*** Opening WORKING DATA ***

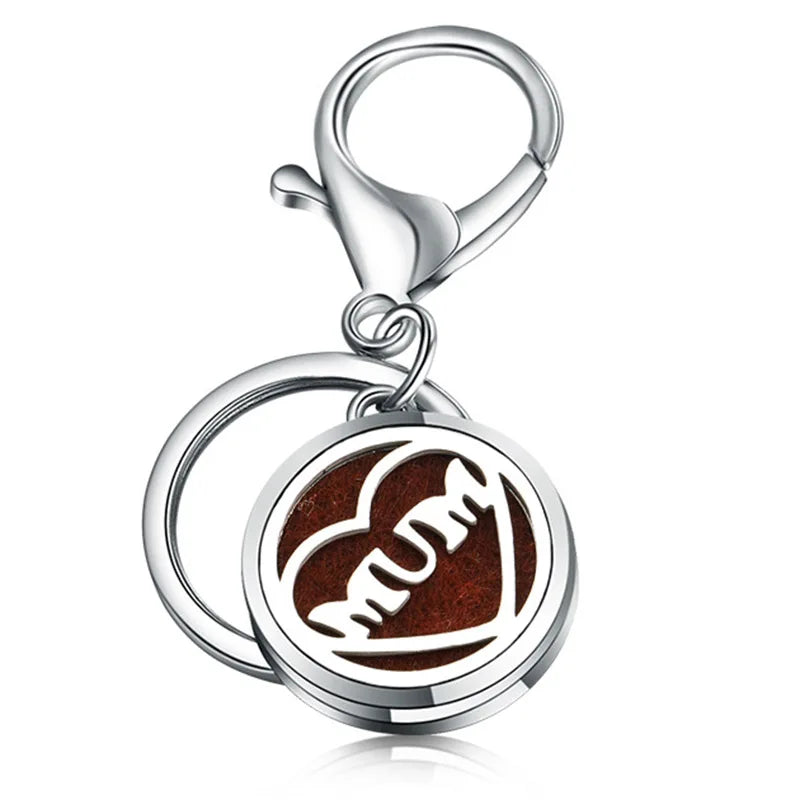 Love Key! Essential oil diffuser perfume Key Chain.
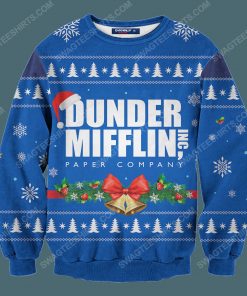 Christmas the office dunder mifflin holiday ugly christmas sweater 3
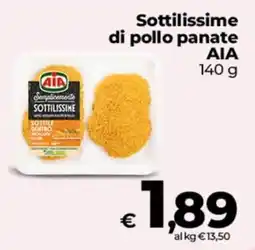 Coop Radenza Sottilissime di pollo panate AIA offerta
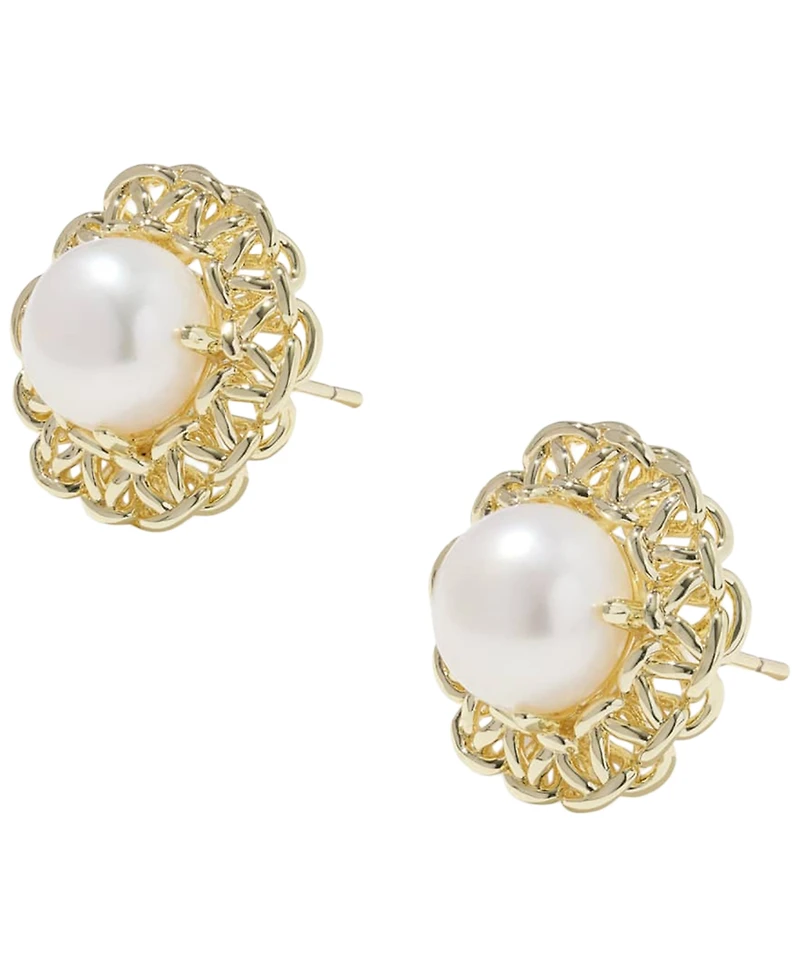 Kendra Scott Gabriella Freshwater Cultured Pearl Stud Earrings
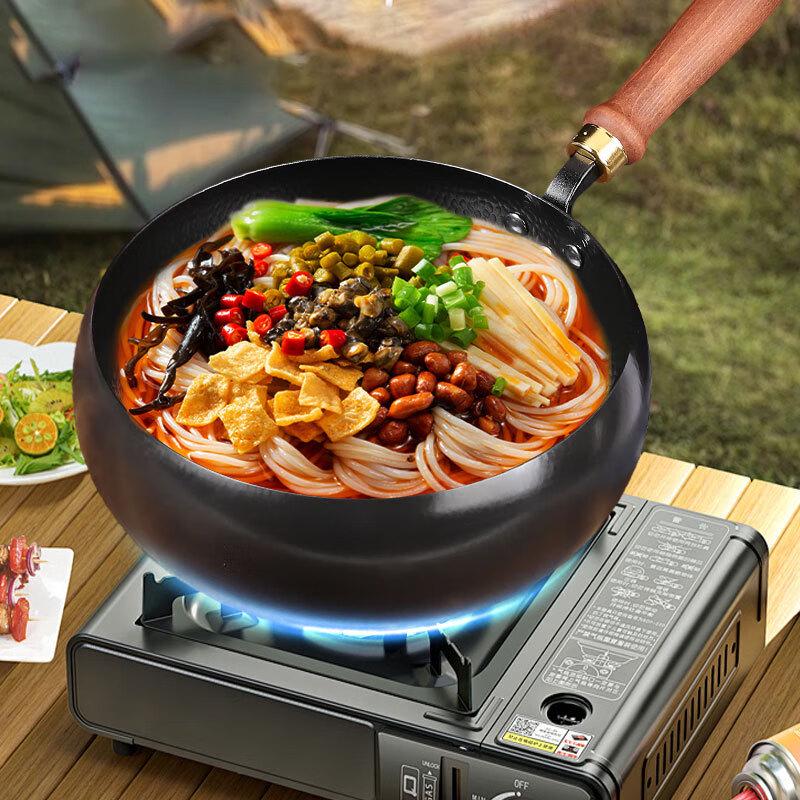 Traditional Hand-Forged Iron Wok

*** Closing WORKING DATA ***

> [HOW TO COMPLETE THIS TASK]
Please, without any pictures, print each entry exactly.

> [FINISHED EXERCISE]
 Love Key! Essential oil diffuser perfume Key Chain.
 Christmas the office dunder mifflin holiday ugly christmas sweater 3
 Coop Radenza Sottilissime di pollo panate AIA offerta
 Kendra Scott Gabriella Freshwater Cultured Pearl Stud Earrings
 Traditional Hand-Forged Iron Wok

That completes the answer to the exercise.